Em seu primeiro interrogatório, realizado  em 26 de março de 2021 (P/1, P/1B, e também incluiu interrogatório preliminar – P/1C), o réu recebeu todos os seus direitos, mas, além de reclamações e respostas à polícia que o assediava, não teve nada a dizer em seu defesa.  Ofereceram-lhe consultar um advogado, mas permaneceu em silêncio e não demonstrou interesse.  Além disso, quando foi suspeito de cometer o crime de assassinato, ele não demonstrou interesse algum, nem com a identidade da vítima assassinada, nem com as circunstâncias do crime e do caso sobre o qual estava sendo investigado.  A Yoni Hagag, que o repreendeu por sua falta de interesse, o réu disse: "Que diferença faz?"  O réu disse que a polícia apenas o assediava, repetidas vezes, por vários motivos, devido ao "estigma".  O réu, que manteve seu direito de permanecer em silêncio, não parou de falar.  Mas ele não deu uma versão, continuando a reclamar e reclamar do tratamento que recebeu.  O réu disse que não se importava com o que era acusado, e que também poderia ser acusado de "Trumpeldor".  O réu nem sequer respondeu à pergunta se ele havia ou não assassinado alguém.  Disseram-lhe que talvez tivesse um álibi, mas ele não respondeu.

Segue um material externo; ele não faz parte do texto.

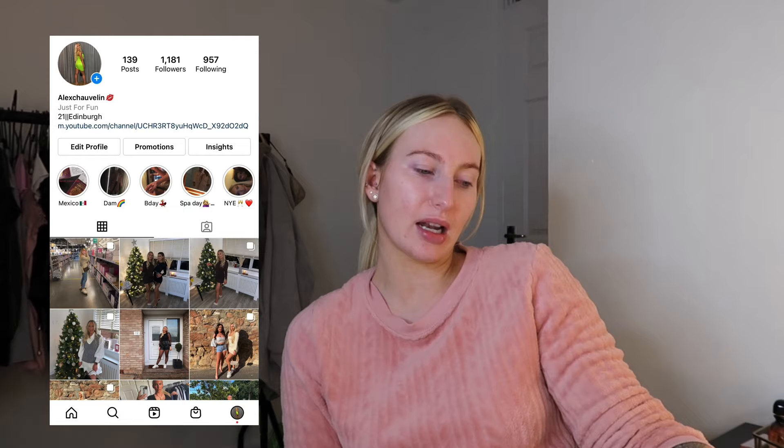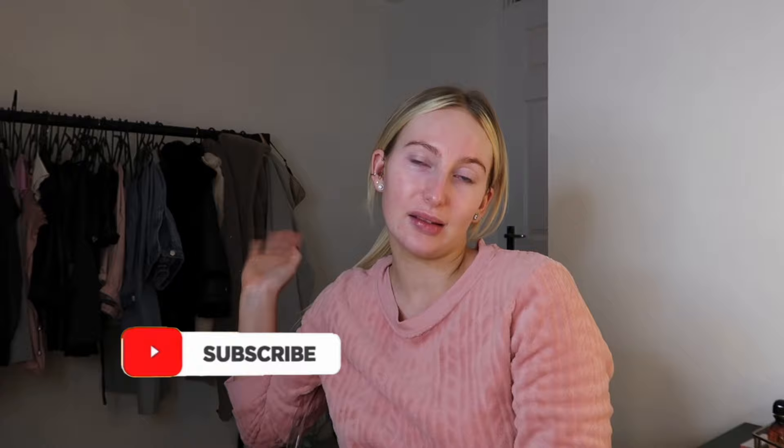And there we have it guys — that's my get ready with me night time routine! Now I'll just go make a cup of tea, sit on the sofa, watch some Grey's Anatomy, and have a wee scroll on Instagram. I'll put my Instagram on screen now if you'd like to give me a follow — I'm trying to get back into posting as I've not really had anywhere to go. If you liked this video please like and subscribe, and thank you again for clicking on this video. I'll see you in the next one, bye!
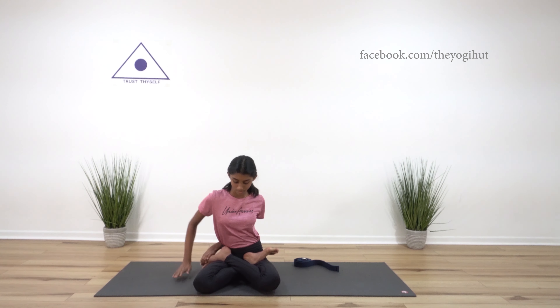Now release your hands and open the foot lock and come back to the initial pose. Repeat the same process with your alternate legs and hands.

Embora não tenham sido fornecidos detalhes sobre o assassinato inicialmente, em algum momento a identidade da vítima foi revelada.  Segundo o investigador Erman (9 de fevereiro de 2023, p. 1889), se o réu tivesse pedido para retomar a consulta após receber os detalhes do assassinato, seu pedido teria sido entregue a ele, como testemunhado pelo chefe da equipe, Shai Peleg (1º de março de 2023, p. 2268).  O réu não pediu isso, sentou-se em frente ao interrogador e ignorou completamente o que lhe foi dito, incluindo as perguntas sobre onde morava e com quem, se trabalhava e onde.  O mesmo se aplica às perguntas que nos farão explicitamente sobre o carro Chevrolet.

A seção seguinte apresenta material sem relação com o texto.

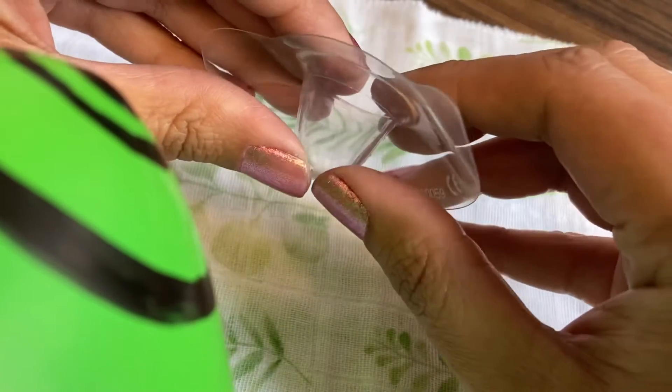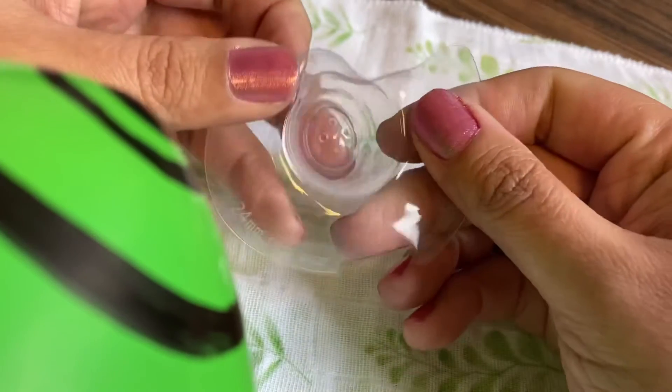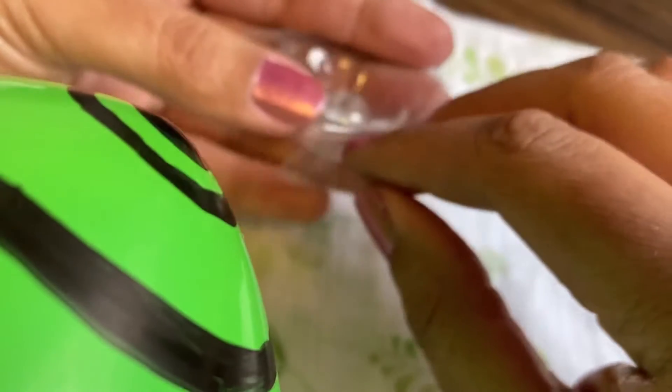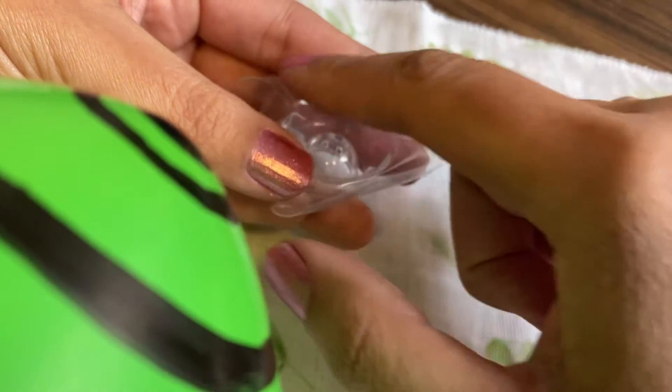In order to draw the nipple as deeply as possible into the shield, you want to pull the sides of the cone part of the shield back and leave the tip of the nipple shield about halfway, so that it's even with the sides like this.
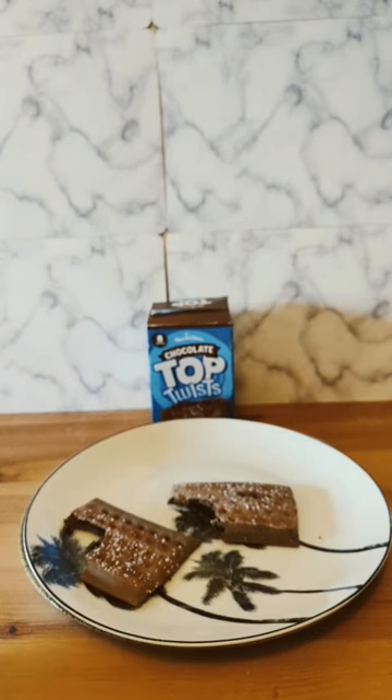Heated up, however, very similar to Pop-Tarts, but again a little bit crispier and thinner. Overall, that's very nice.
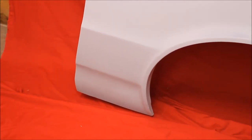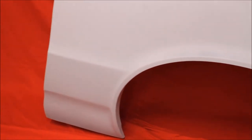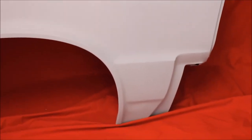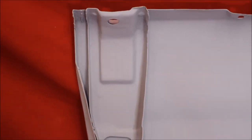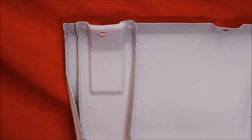You can see this fender — real nice, bead blasted, rust free, primed. And like all of our fenders, we've had the back brace out of this, sand blasted inside and out, primed and sealed. It's not rusted through.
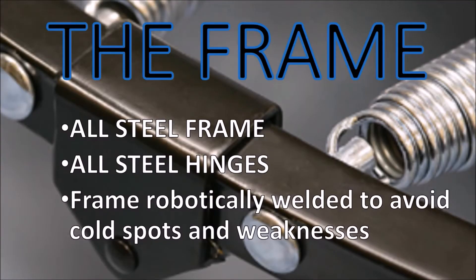The frame of the Cellerciser is an all-steel frame with all-steel hinges. This all-steel construction provides superior strength and is designed to last a lifetime.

Além disso, como foi dito, algumas horas antes, quando foi preso e informado que o motivo da prisão foi assassinato, o réu não perguntou quem ele havia assassinado nem em quais circunstâncias.  Segundo Yoni Hagag, que participou do processo de prisão, o réu não ficou surpreso e transmitiu a sensação de "Eu sabia que você viria" (11 de julho de 2022, pp. 749-753).  O réu não se opôs, não ficou surpreso, não alegou inocência, certamente não clamou pela inocência óbvia, até mesmo o policial que o segurava ficou surpreso com isso.